Publicado por alexpt 9:54 Arquivado em Ucrânia Comentários (0)

Dia 2 - Kiev

sunny 25 °C

As 10:30h de voo do Rio até Paris pareciam intermináveis. Viajar na classe econômica é bem desconfortável, especialmente para quem tem mais de 1,80m (o meu caso). Nunca consigo dormir nestes voos longos justamente por causa do desconforto. Tento encarar isso pensando que a recompensa virá algumas horas depois, quando o avião aterrisar . :)

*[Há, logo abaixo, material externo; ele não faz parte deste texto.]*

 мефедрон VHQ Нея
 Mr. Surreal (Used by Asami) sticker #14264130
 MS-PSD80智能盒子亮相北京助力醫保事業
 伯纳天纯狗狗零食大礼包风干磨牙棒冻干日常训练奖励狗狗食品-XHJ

No nosso voo viajou a seleção brasileira de volei masculina. Alguns dos jogadores tinham mais de 2,00m e todos foram de classe econômica também. Imagina que tortura !

Du pain, du vin, du fromage. Considerando que era classe econômica, o serviço de bordo foi eficiente e educado. Algumas comissárias falavam português, inclusive. Comida boa, vinho francês, queijo camembert, avião novo (com aquelas telinhas individuais para ver filme). A Air France nunca me deixou na mão.

De Paris para Kiev (3h de voo) voamos pela Ukranian International Airlines. Este ano ela foi eleita a 3ª pior empresa aérea do mundo, perdendo apenas para Turkmenistan Airlines e Sudan Airways. http://www.businessinsider.com/worst-airlines-to-fly-economy-2013-5?op=1 Nunca tive medo de avião, mas confesso que desta vez fiquei um pouco apreensivo ao embarcar. O avião parecia velho, e as comissárias eram um tanto quanto sisudas, mas foi um voo bem normal.

Em Kiev estava sol e calor quando desembarcamos (16h, +6h de fuso horário em relação ao Brasil). Sacamos umas hryvnias (moeda ucraniana) num caixa eletrônico. Maior galera abordando a gente no aeroporto para oferecer taxi.

Pegamos o ônibus do aeroporto para o centro da cidade (40 hryvnias = R$10). Cheiro de "nhaca" sinistro dentro do ônibus !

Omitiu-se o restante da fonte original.